Found some info on google, wanted to see if any of you old salts have any comments. Found a brand new Penn Formula 15kd on clearance for $300 but the manager said he would let it go for a song and a dance. I see its a 2 speed lever drag graphite frame, I see a lot of good comments about them and I'm seriously thinking about it. Yay or nay if the price is right...


----------



## Chris V (Oct 18, 2007)

I owned a pair of them when they came out years ago. Three words:

DON'T DO IT!!!

Had drag issues with one on its first fish and the two speed shifters failed in them by the end of the first season. Parts are very hard to find as well. You can get a brand new penn squall 16vsw or 30vsw for not much more than the "deal" he is going to give you

Just my honest opinion


----------



## MrPhoShiz (Sep 22, 2010)

Thanks!!!! That's all I needed. I'm picking up a Release Reels SG and it's got more backbone than the Formula. Then an LG later


----------



## floater1 (Oct 31, 2007)

I had one for a few years no problems what so ever with it sold to a friend still using it . I mainly used it for bottom fishing on the edge


----------



## seacat (Jan 6, 2009)

I had one that I bought used which was in good shape.
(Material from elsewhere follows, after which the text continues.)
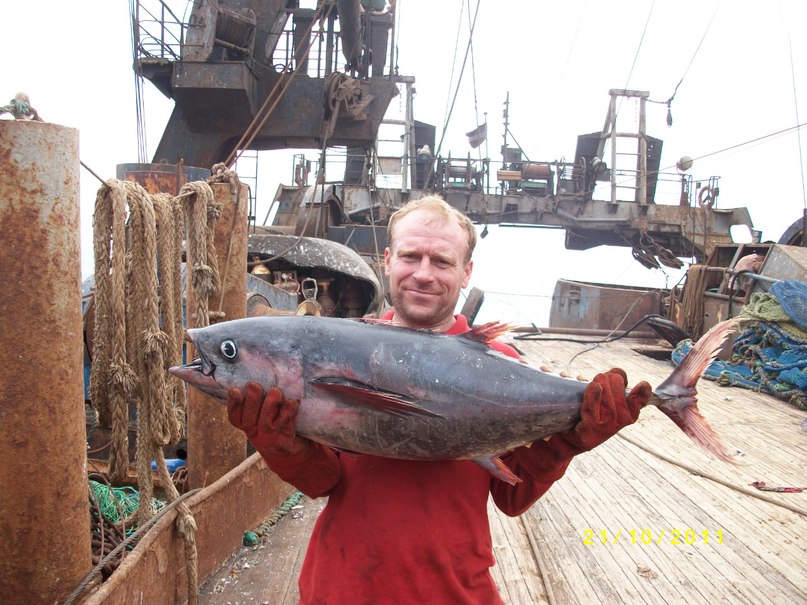 Евгений Маслов | Севастополь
After a fresh service the reel ended up failing where it would cost as much as it was worth to repair. I ended up giving to a local reel repair shop for parts. I would not buy one unless it's under $25.00.


----------



## Jack Hexter (Oct 2, 2007)

Enjoy the Release. Good reel


----------



## floater1 (Oct 31, 2007)

This could be a 20 page argument because what one person says not everyone will not agree. who has it id be interested in it


----------



## Chris V (Oct 18, 2007)

I will add.....that I did sell quite a few back when they came out and most customers WERE happy with them, but about 1 out of every 4 I sold would come back with issues so I have to recommend something else. Penn phased this reel out for a reason and they have much better reels in the same general class that are much more advanced.


----------



## Ocean Master (May 20, 2008)

I bought 2 around 2001. Never again..!!


----------